I. The coming revolution will oppose bourgeois totality with a communist totality
During the transition from the feudal to the bourgeois epoch, not only the structure of ownership was involved but, in the course of this process, all aspects of life of former societies changed. The bourgeois revolutionaries did not win by criticizing this or that aspect of the Ancien Régime, but by developing a new bourgeois philosophy of the state, a bourgeois morality, a bourgeois art, a bourgeois science, a bourgeois ideal of love, a bourgeois family, in short: an entire bourgeois world.
Current society is not only marked by capitalism, but colonised down to its smallest details by the capitalist order. Therefore, the task of communist or anarchist revolutionaries will be no less total. From child education to urban planning, from the production of knowledge to agriculture, from language to sexuality, new communist ideas must be developed and anarchistic practices experimented with; otherwise the state, wage labour, money etc. won’t be abolished. The task of today’s revolutionaries is even more extensive than their bourgeois predecessors’, as the latter, regardless of all their innovations, only replaced one form of domination and exploitation by another, while the former strive to end all forms of oppression of humans by humans.

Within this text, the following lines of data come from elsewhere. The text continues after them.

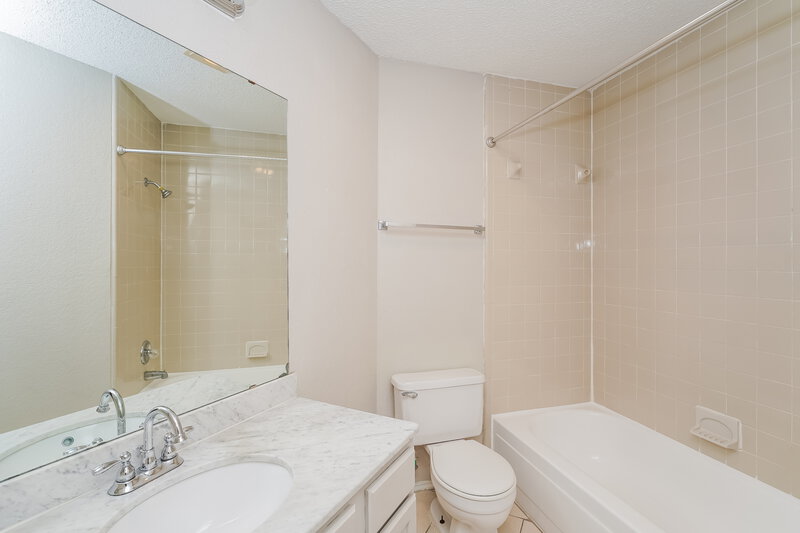 1,880/Mo, 6423 Woodstream Trl Fort Worth, TX 76133 Bathroom View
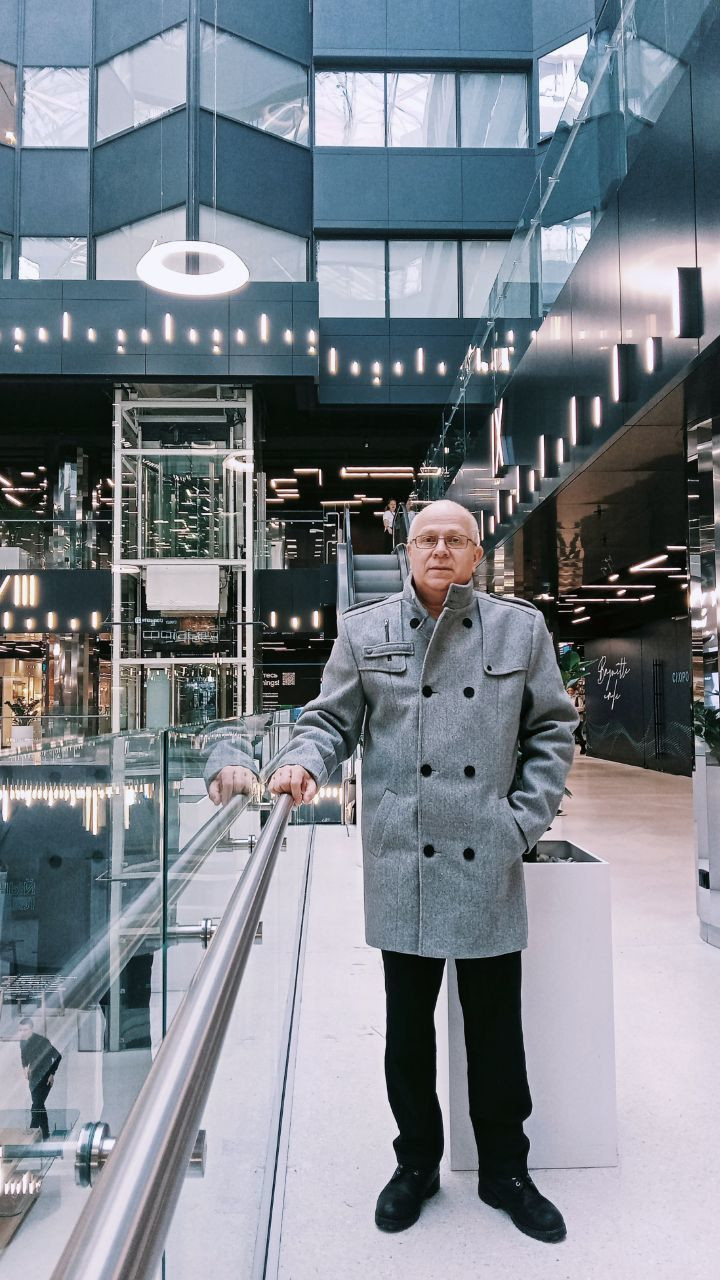 Пришел на работу – фотографии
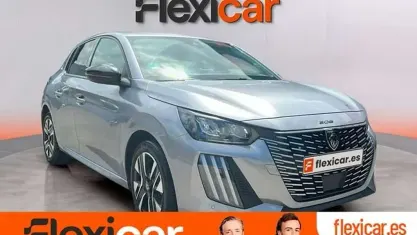 Usado Peugeot 208 Allure 101 CV (74 kW) 2025 Gris Utilitario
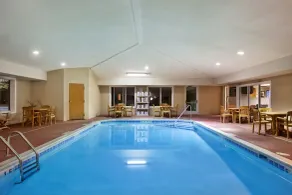 Holiday Inn Express Hotel & Suites-Saint Joseph by IHG - Piscine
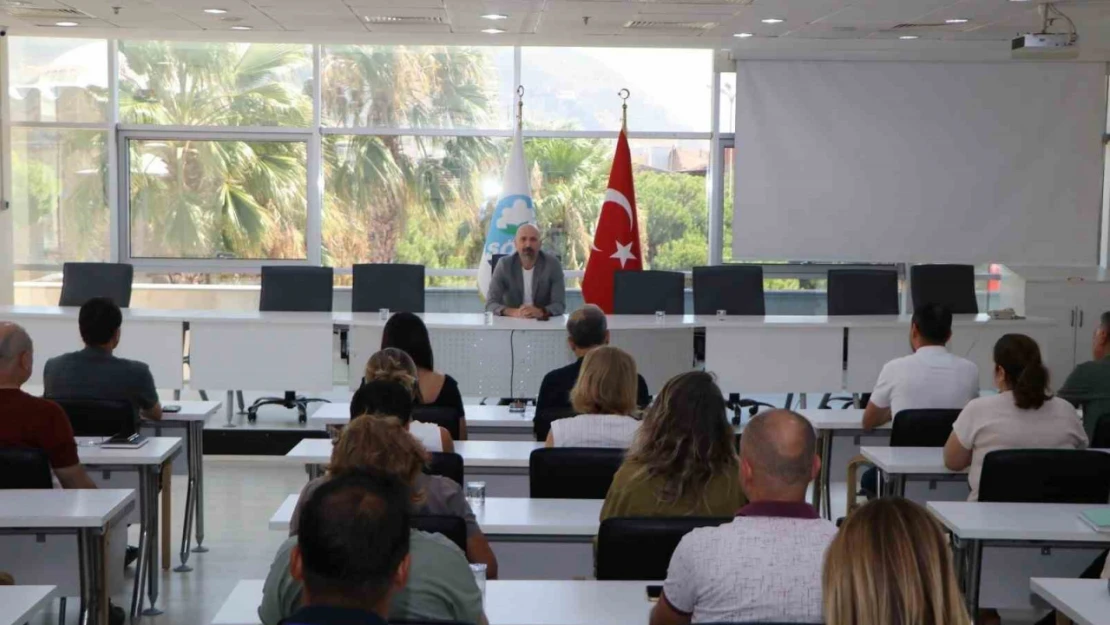 Başkan Arıkan'dan, belediye bürokratlarıyla hizmet odaklı toplantı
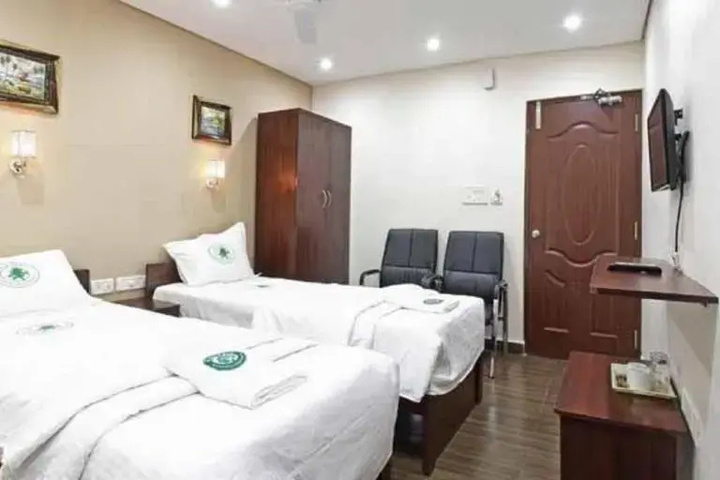 Room 6 of 11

Furthermore, the emerging bourgeoisie had the advantage of already having gradually accumulated considerable economic power in the womb of the old order, so they could already begin the eventual conquest of political power from a firm foundation. The protagonists of the coming revolution don’t have such a power base within the old society. They will take over the means of production only in the process of the great cataclysm and only from that moment on, can they begin the real transformation of the world according to their ideas. While it is absolutely necessary that a revolutionary movement in the process of formation has to begin to shape a communist totality in the here and now, it must never be forgotten that the actual revolution itself will mark a qualitative turning point in this process. Any individual reform of daily life can at the most only bring a foretaste of liberated life, as long as the current relations of ownership and power remain throughout the whole of society. Realistically, these are only more or less successful attempts to solve some problems of the immediate present and therefore even a possible foretaste must be seen on a more idealistic level – for example in the sense of a partial connectivity that arises when you celebrate or eat together, share certain negative assumptions, where you gather at some points or mutually assist in situations of danger. The content of immediate counter-tendencies or rather modifications of the current forms of everyday life will be completely replaced through a comprehensive revolutionizing of the society. Nevertheless, experimentation with new forms of behaviour and relationships is absolutely essential, because in order to overthrow the prevailing conditions in their entirety, it requires the free association of people who want to liberate themselves and who have to start somewhere.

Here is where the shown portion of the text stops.